The only thing that is see wrong with his is his front knees. Not sure exactly what it is though...


----------



## appylover31803 (Sep 18, 2007)

i noticed his knee too. Other than that he looks lovely


----------



## Kyani (Apr 30, 2007)

He looks a decent sort. Nice head/neck/shoulder. Neck set a little low for my taste but I suppose good for HUS/western disciplines.

He IS very over at the knee, which would be my major worry, since he's young so it's unlikely to be from overwork and more of a conformational issue. Unless he has been SERIOUSLY overworked in his short life which is of course a worry in itself. His hindlegs are also weak, sickle-hocked and with upright pasterns, but not the worst ever ever.

I'm also not a huge fan of his behind, but that could be mostly lack of muscling.

EDIT: Just to say he does like SLIGHTLY over at the knee in thr 2yr old pic, but no where near as bad as now, so something has worsened it, but probably because he was born with the tendency to go that way.
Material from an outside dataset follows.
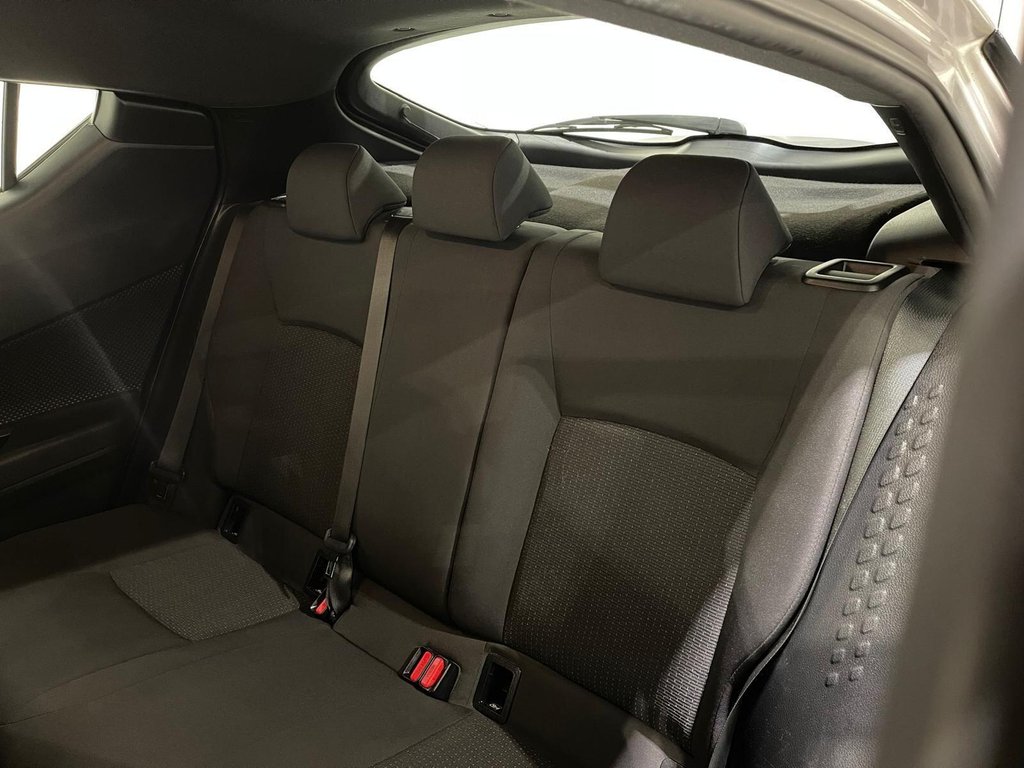 Used Toyota C-HR 2017 for sale - 76923173: Photo 33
Also, are you sure that's the same horse! How different is his colour - wow!


----------



## BluMagic (Sep 23, 2007)

Something about the neck and shoulder bugs me. ???


----------



## BluMagic (Sep 23, 2007)

Otherwise....






GORGEOUS!


----------



## mayfieldk (Mar 5, 2008)

They've said the knees, and the sickle-hocks... 
I wish his hocks would tie in a little lower, but that's just being picky. I don't love his shoulder... I like them on a 45 degree angle and his is a little upright--just a little. Like his neck, though I would like to see just a tad more muscling on the top line. He's very balanced, though, and not butt-high.


----------



## Kyani (Apr 30, 2007)

Out of interest, when was he backed? And do you have any pictures of him with a little more weight on?


----------



## sandsarita (Jan 20, 2008)

Thanks - he was backed as a 3yo. I don't have any pics with more weight on him - if we put anymore on him than it is in these pics it seems to go to his belly, and he has something called anhydrosis, ie he can't sweat, which makes it hard for him to keep weight on and you really don't want him to carry around excess at all. 
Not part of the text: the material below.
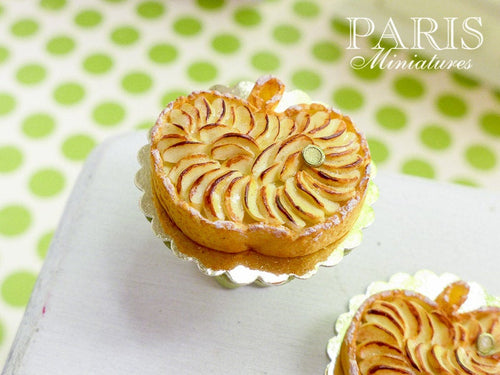 Tarte aux pommes - Apple tart in shape of an apple - Miniature Food in 12th Scale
As far as soundness goes, he has never had any issues with his legs - he is currently 9 and has been shown pretty hard.


----------



## .Delete. (Jan 7, 2008)

Well his stifle is very high, meaning he is downhill. His neck doesn't tie into his shoulder all too well, but thats nothing big. He has a goose rump. I disagree with Sickle Hocked. He isn't sickle hocked, he has perfect hocks, nice and straight. Proper hock angle. Normal pasturn slope. I would need a front view to correctly assume this but, he looks buck kneed. Possibly thats why you all are worrying about his knees, it looks like he is trying to support himself. Buck knees give that look.


----------



## FGRanch (Feb 9, 2008)

I agree that his hawks have a very nice angle.


----------



## sandsarita (Jan 20, 2008)

Here is a picture of him from the front. Sorry it is a proof from a show, but it's all I have.
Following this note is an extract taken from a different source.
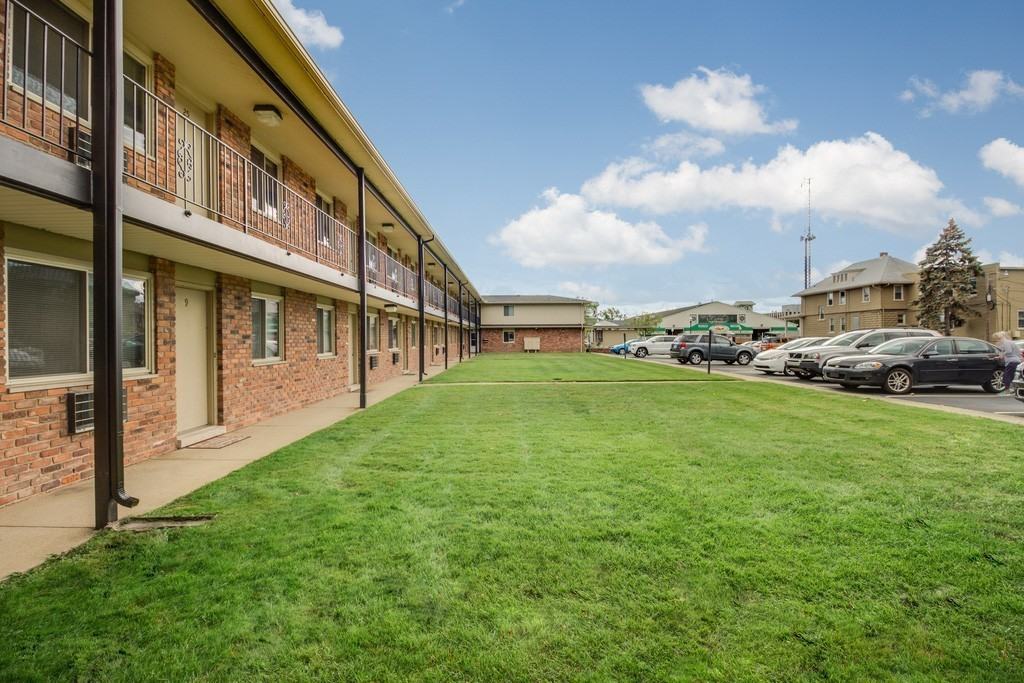 Avenue Eleven Apartments - Photo 4 of 14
And the two most recent photos from shows.


----------



## Abby (Nov 26, 2007)

It's almost like his cannon bone bows out on the front, strange.

edit- He's darling though, his back feet are itty bitty cute.


----------



## .Delete. (Jan 7, 2008)

*Buck kneed*


----------



## appylover31803 (Sep 18, 2007)

.Delete. said:


> *Buck kneed*


what exactly is that?


----------



## .Delete. (Jan 7, 2008)

Commonly called "over at the knees". This is a forward deviation of the knee set too far forward in the horse's leg.


----------



## appylover31803 (Sep 18, 2007)

oh ok. I've heard of over the knee, just never buck kneed. Thanks Delete!


----------



## .Delete. (Jan 7, 2008)

Any time


----------



## my2geldings (Feb 18, 2008)

He actually looks like he is over at the knee.


----------



## .Delete. (Jan 7, 2008)

...Isn't that what i said...


----------



## FGRanch (Feb 9, 2008)

Delete maybe she just didn't read what you wrote. Sometimes it's best not to say anything at all.


----------



## Kyani (Apr 30, 2007)

Lots of people have said over at the knee, delete, and you weren't the first. Although you werethe first to call it buck kneed - thanks for explaining, I was never quite sure what that meant.


----------



## .Delete. (Jan 7, 2008)

Mhm


----------